■ TASK REQUIREMENTS
Return each line of the data that follows exactly as it reads.
[Opening DATA SUPPLIED section]
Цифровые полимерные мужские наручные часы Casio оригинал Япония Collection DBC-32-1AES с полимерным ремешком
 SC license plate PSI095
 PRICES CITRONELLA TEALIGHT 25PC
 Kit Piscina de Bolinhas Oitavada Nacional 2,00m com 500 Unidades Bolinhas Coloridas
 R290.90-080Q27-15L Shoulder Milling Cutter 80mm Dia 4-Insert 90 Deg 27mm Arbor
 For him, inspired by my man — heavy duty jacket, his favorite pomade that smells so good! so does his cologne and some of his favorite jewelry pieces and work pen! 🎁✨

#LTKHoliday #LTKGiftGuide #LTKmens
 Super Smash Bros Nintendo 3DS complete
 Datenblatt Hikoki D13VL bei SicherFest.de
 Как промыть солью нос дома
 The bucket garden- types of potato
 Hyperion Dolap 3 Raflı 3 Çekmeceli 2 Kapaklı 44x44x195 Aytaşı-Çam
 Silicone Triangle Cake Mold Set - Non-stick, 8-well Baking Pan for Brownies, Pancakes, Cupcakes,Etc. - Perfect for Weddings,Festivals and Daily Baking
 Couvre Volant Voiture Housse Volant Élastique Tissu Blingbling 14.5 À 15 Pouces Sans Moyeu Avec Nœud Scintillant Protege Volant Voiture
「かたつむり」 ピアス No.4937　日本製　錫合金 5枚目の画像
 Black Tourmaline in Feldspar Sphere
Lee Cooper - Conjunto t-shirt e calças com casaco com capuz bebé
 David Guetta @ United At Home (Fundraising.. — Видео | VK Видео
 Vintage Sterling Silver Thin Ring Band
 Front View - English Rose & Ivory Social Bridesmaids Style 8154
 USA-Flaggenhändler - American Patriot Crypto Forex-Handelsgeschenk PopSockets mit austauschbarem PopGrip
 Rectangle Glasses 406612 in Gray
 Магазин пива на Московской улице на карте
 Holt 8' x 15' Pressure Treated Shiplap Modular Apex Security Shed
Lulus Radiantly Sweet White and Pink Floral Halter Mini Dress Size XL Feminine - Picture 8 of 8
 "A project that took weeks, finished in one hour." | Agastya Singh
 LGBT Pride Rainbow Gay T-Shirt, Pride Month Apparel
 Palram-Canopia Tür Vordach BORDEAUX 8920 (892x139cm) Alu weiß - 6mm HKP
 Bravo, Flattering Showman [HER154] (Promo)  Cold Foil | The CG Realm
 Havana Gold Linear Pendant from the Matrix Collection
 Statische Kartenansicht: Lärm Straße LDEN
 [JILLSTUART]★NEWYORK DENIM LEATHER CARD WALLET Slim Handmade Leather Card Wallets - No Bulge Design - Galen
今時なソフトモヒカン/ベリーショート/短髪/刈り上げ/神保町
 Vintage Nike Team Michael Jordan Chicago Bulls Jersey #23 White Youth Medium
[Closing DATA SUPPLIED section]
■ RESULT OF THE EXERCISE
Цифровые полимерные мужские наручные часы Casio оригинал Япония Collection DBC-32-1AES с полимерным ремешком
 SC license plate PSI095
 PRICES CITRONELLA TEALIGHT 25PC
 Kit Piscina de Bolinhas Oitavada Nacional 2,00m com 500 Unidades Bolinhas Coloridas
 R290.90-080Q27-15L Shoulder Milling Cutter 80mm Dia 4-Insert 90 Deg 27mm Arbor
 For him, inspired by my man — heavy duty jacket, his favorite pomade that smells so good! so does his cologne and some of his favorite jewelry pieces and work pen! 🎁✨

#LTKHoliday #LTKGiftGuide #LTKmens
 Super Smash Bros Nintendo 3DS complete
 Datenblatt Hikoki D13VL bei SicherFest.de
 Как промыть солью нос дома
 The bucket garden- types of potato
 Hyperion Dolap 3 Raflı 3 Çekmeceli 2 Kapaklı 44x44x195 Aytaşı-Çam
 Silicone Triangle Cake Mold Set - Non-stick, 8-well Baking Pan for Brownies, Pancakes, Cupcakes,Etc. - Perfect for Weddings,Festivals and Daily Baking
 Couvre Volant Voiture Housse Volant Élastique Tissu Blingbling 14.5 À 15 Pouces Sans Moyeu Avec Nœud Scintillant Protege Volant Voiture
「かたつむり」 ピアス No.4937　日本製　錫合金 5枚目の画像
 Black Tourmaline in Feldspar Sphere
Lee Cooper - Conjunto t-shirt e calças com casaco com capuz bebé
 David Guetta @ United At Home (Fundraising.. — Видео | VK Видео
 Vintage Sterling Silver Thin Ring Band
 Front View - English Rose & Ivory Social Bridesmaids Style 8154
 USA-Flaggenhändler - American Patriot Crypto Forex-Handelsgeschenk PopSockets mit austauschbarem PopGrip
 Rectangle Glasses 406612 in Gray
 Магазин пива на Московской улице на карте
 Holt 8' x 15' Pressure Treated Shiplap Modular Apex Security Shed
Lulus Radiantly Sweet White and Pink Floral Halter Mini Dress Size XL Feminine - Picture 8 of 8
 "A project that took weeks, finished in one hour." | Agastya Singh
 LGBT Pride Rainbow Gay T-Shirt, Pride Month Apparel
 Palram-Canopia Tür Vordach BORDEAUX 8920 (892x139cm) Alu weiß - 6mm HKP
 Bravo, Flattering Showman [HER154] (Promo)  Cold Foil | The CG Realm
 Havana Gold Linear Pendant from the Matrix Collection
 Statische Kartenansicht: Lärm Straße LDEN
 [JILLSTUART]★NEWYORK DENIM LEATHER CARD WALLET Slim Handmade Leather Card Wallets - No Bulge Design - Galen
今時なソフトモヒカン/ベリーショート/短髪/刈り上げ/神保町
 Vintage Nike Team Michael Jordan Chicago Bulls Jersey #23 White Youth Medium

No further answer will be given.